Climate and Class on Campus

Damon Miller empties water that flooded his basement from a shop vac on Monday, January 29.

The high-pitched buzz of a single shop vac pierces the silence of the 24-person cooperative living house on M.A.C. Avenue. Residents discovered their basement had flooded with city sewer water on Sunday, Jan. 28.

As individual homeowners splitting shares of the house, the contract does not protect these MSU students from maintenance issues. Their house is part of the Spartan Housing Cooperative or SHC, which acts more as insurance than a governing body for the 18 houses it looks after. “If this were a landlord, we would basically be able to sue for unsafe living conditions, but this is our own house so we can’t do anything,” says House Facilities Officer Gabrielle Ahlborn.

Instead of going to class or work, these students are staying home to clean up the mess. “I’m taking 19 credits and I work two jobs,” Ahlborn said. “Some people had to skip class just so there was enough people here to clean up the water without it like really damaging any of our major appliances.”

Senior Julia Bissonette says she has taken on extra expenses buying takeout meals when the refrigerator stopped working.

A mop bucket sits in the shower room in the basement.

Residents are resorting to showering at the gym after their showers in the basement were also submerged in water. Damage to laundry machines means they are also relying on the laundry facilities of other houses in the cooperative.

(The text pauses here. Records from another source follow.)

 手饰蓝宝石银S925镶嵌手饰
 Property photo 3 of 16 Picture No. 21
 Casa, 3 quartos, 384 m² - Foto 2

Others have paid to use a laundromat. Those without a car have incurred further expenses paying for Ubers. “We’re dirt bagging it straight up,” said Ahlborn.

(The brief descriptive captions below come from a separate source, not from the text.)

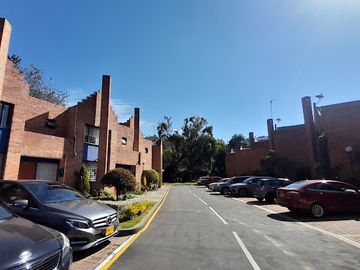 VENTA de CASAS en BOGOTA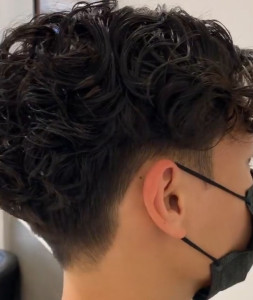 Photo de galerie - Une personne asiatique avec le cheveux bien raide a voulu faire faire une permanente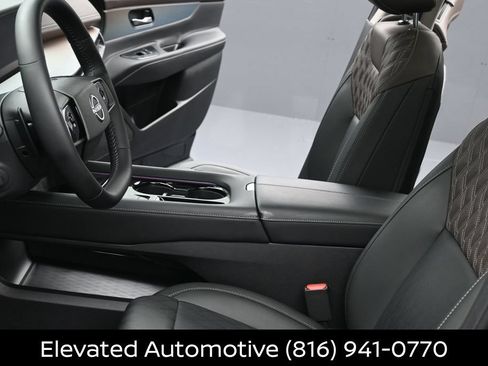 Certified 2026 Nissan Murano Platinum w/ Cargo Package AWD/4WD image 17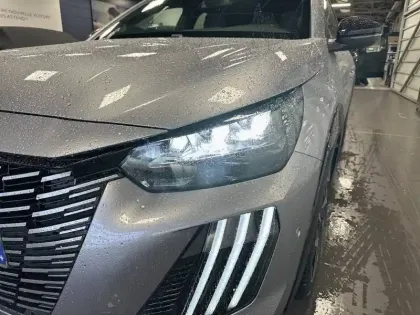 Photo 35 Peugeot 208  Hybrid 100 e-DCS6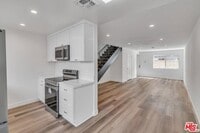 Building Photo - 6616 Sylmar Ave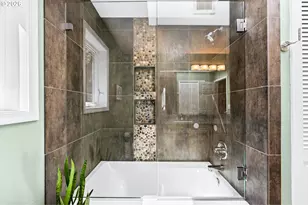 2726 SW 28th Dr, Portland, OR 97219 - Photo 20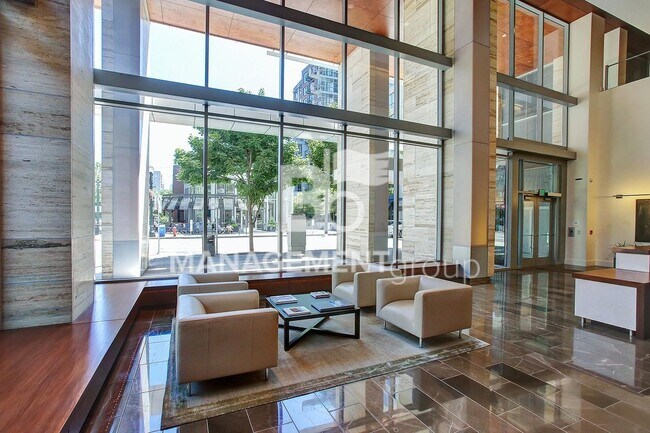 Foto del edificio - The Metropolitan- Luxury Living in the Heart of the Pearl District. Breathtaking Views!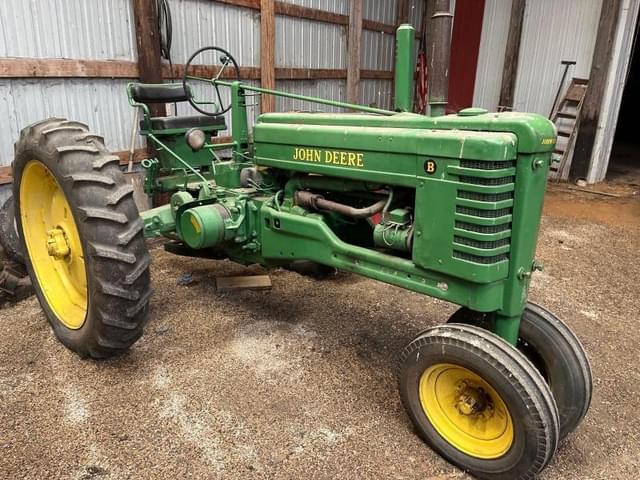 Image of John Deere B equipment image 2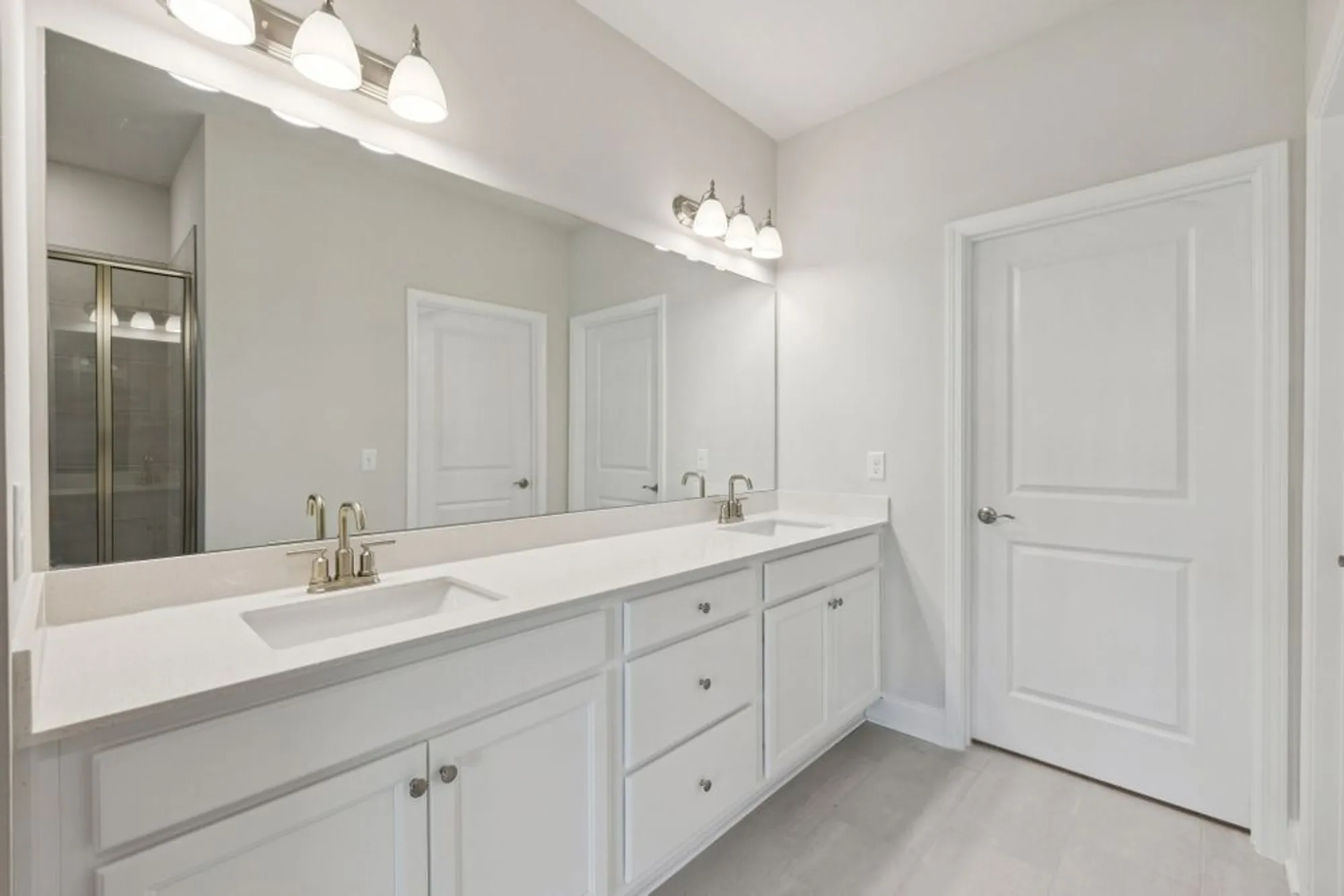 Property Slideshow image 24 of 38 | 344 stonehaus cir, Antioch, TN, 37013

“We’re flooding, there’s mold growing, there’s so many basic health issues that aren’t being addressed,” Ahlborn said. “We’re getting little support from the SHC. They also have no tradespeople.”

The SHC website says, “residents own and maintain their own houses.” They have a right “to live in a room and House which are clean sanitary, and in good repair” and a responsibility “to communicate with the House and SHC when such work is needed.”

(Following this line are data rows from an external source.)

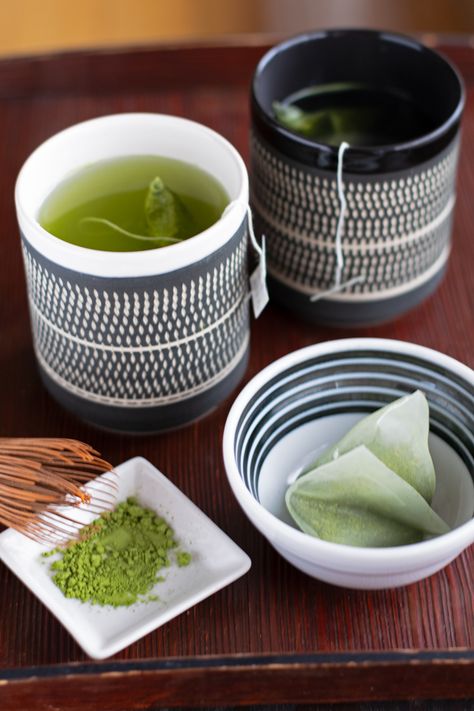 Matcha or Sencha: Tea Bags vs Powder - eyes and hour Sencha Tea, Green Tea Bags, Green Tea Cups, Matcha Smoothie, Matcha Drink, Green Tea Benefits, Japanese Tea Ceremony, Tea Powder, Oolong Tea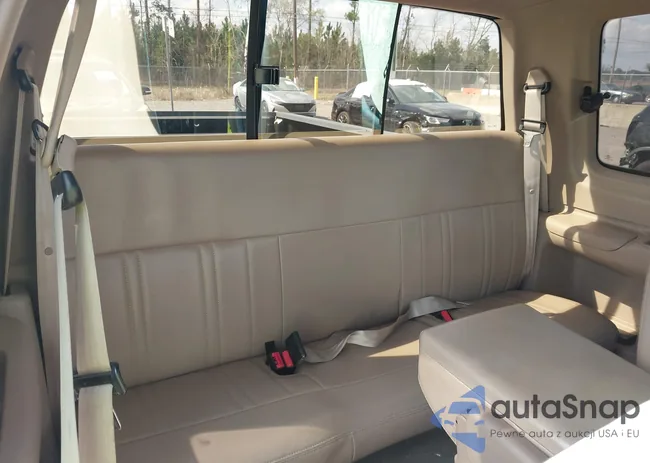 1FTDX1762VNA45027: 44442164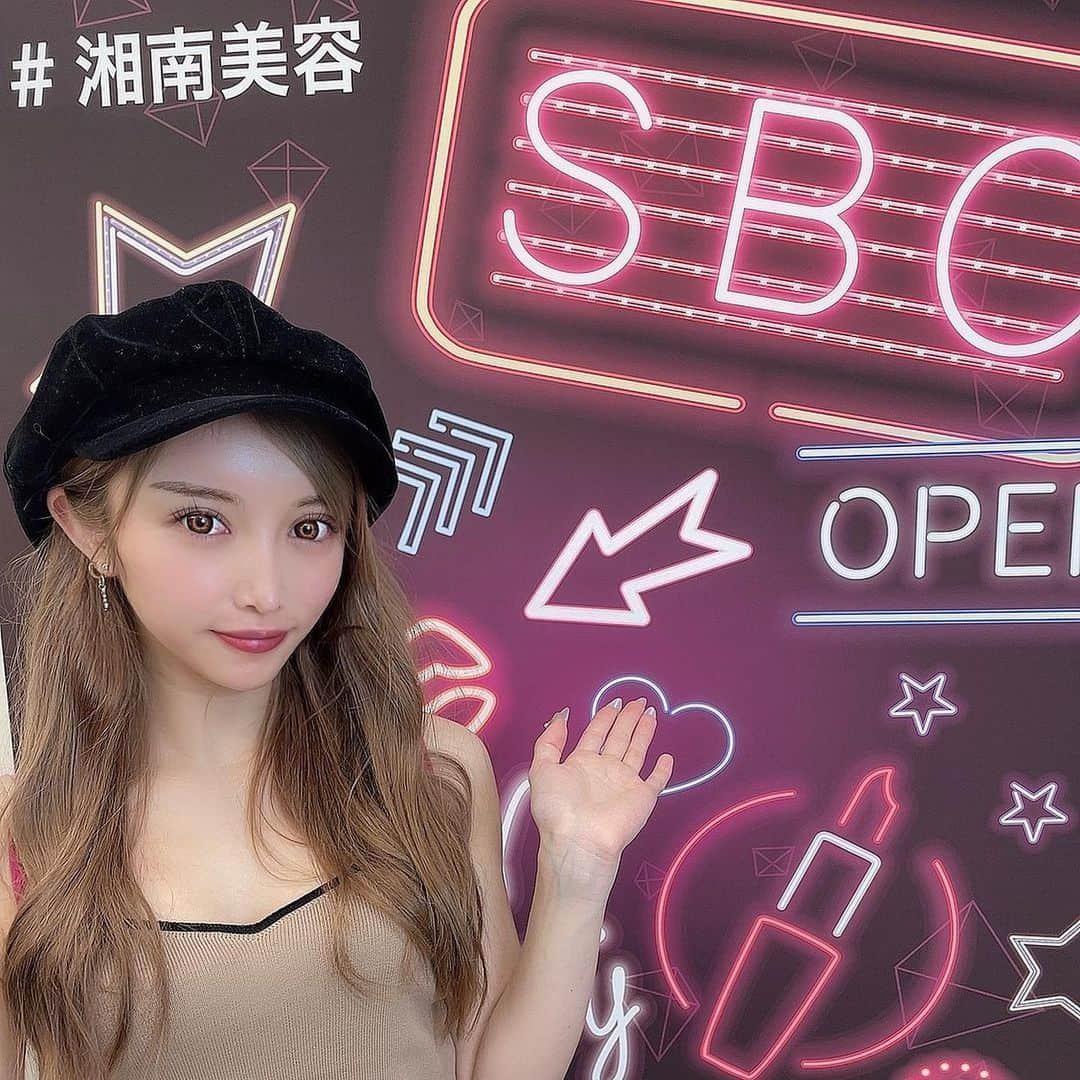 えれちゃんさんのインスタグラム写真 - (えれちゃんInstagram)「湘南美容外科 @sbcbeauty_official の 名古屋栄院さん @sbc_nagoyasakae にて ヴェルヴェットスキンしてきました💉✨  私の場合は 直後は少しピンクになるくらいで 全然気にならないくらいで 次の日からツヤツヤになって トーンアップしたよ😊✨✨  今年中にニキビ跡撲滅させたいな🥺  #美肌と言えばSBC湘南美容クリニック #ヴェルヴェットスキン #ダーマペン #若返りと言えばSBC湘南美容クリニック #最安値と言えばSBC湘南美容クリニック #美容整形と言えばSBC湘南美容クリニック #SBC湘南美容クリニック #SBC湘南美容クリニック栄院 #湘南美容グループ代表相川佳之 #プチ整形 #美容整形 #美容クリニック #毛穴 #小顔 #整形 #美容医療 #美容皮膚科」8月28日 15時27分 - erena_hazuki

Ahlborn said their rent is rising but their house is not seeing the benefit. When residents reported the flooding basement, the cooperative suggested they mop and throw the water outside.

“This has happened before, normally when East Lansing gets heavy rain storms we know it’s coming and it comes in through our side door but now that the sewage system’s overloading it’s coming up through our drains and that’s like a health hazard as well,” Ahlborn said.

Map of the combined sewer system from the City of East Lansing Website. It estimates the M.A.C. Avenue sewer system is 80-100 years old.

East Lansing has a combined sewer system, which “combines both surface runoff (stormwater) with wastewater (sewage) and leads to a treatment plant for processing,” according to the Greater Lansing Regional Committee for Stormwater Management.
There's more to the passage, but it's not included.